**Work instruction**
Restate exactly, and only, the lines spanning from the one with "Compatible Service Thermostat" to the end of the records below.

Stored items:
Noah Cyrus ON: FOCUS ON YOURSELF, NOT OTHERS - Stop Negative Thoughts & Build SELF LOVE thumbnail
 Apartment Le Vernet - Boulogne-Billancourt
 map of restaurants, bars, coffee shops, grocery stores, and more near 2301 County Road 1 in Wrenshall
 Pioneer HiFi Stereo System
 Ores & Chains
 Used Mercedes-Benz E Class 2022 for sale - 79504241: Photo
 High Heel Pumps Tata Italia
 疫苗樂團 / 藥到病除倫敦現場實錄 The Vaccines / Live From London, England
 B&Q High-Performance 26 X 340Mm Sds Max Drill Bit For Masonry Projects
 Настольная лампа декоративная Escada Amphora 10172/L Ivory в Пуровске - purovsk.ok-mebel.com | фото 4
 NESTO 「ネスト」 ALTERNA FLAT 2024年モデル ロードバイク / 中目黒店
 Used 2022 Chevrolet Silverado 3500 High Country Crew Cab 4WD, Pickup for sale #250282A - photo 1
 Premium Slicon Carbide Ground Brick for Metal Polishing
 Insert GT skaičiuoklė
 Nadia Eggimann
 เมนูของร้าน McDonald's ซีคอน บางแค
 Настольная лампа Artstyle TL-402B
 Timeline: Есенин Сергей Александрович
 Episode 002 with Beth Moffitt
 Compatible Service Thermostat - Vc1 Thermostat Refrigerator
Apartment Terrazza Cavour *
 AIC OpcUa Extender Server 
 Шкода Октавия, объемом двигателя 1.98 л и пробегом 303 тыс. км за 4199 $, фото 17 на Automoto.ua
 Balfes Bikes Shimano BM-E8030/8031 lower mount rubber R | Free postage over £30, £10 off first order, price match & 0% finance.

**Result of this exercise**
 Compatible Service Thermostat - Vc1 Thermostat Refrigerator
Apartment Terrazza Cavour *
 AIC OpcUa Extender Server 
 Шкода Октавия, объемом двигателя 1.98 л и пробегом 303 тыс. км за 4199 $, фото 17 на Automoto.ua
 Balfes Bikes Shimano BM-E8030/8031 lower mount rubber R | Free postage over £30, £10 off first order, price match & 0% finance.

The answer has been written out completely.